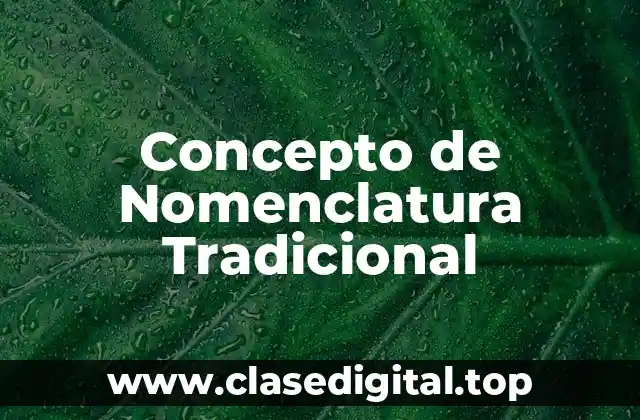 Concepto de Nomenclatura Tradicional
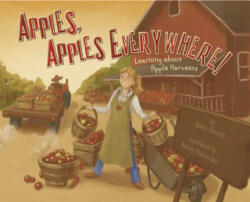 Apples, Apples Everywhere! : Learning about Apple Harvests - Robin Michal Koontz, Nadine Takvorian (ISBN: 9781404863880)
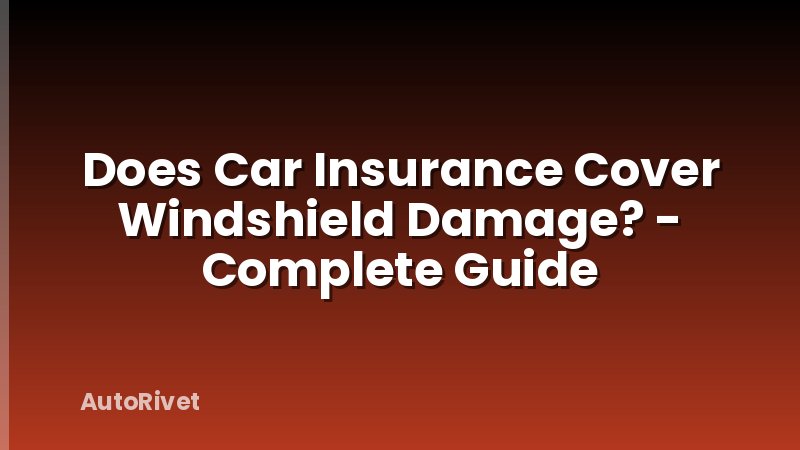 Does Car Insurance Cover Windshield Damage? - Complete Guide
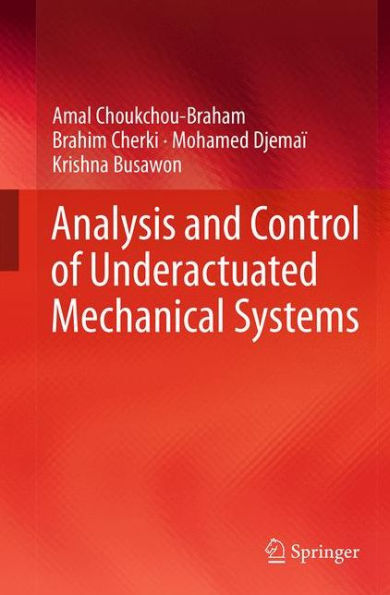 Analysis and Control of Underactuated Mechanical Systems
+===+
**GOAL OF THE EXERCISE:** The copy should hold exactly the lines from the line containing "Apples, Apples Everywhere!" through the end of the data, both ends included, and no pictures.

**PROBLEM SOLUTION:**
 Apples, Apples Everywhere! : Learning about Apple Harvests - Robin Michal Koontz, Nadine Takvorian (ISBN: 9781404863880)
 Does Car Insurance Cover Windshield Damage? - Complete Guide
 Analysis and Control of Underactuated Mechanical Systems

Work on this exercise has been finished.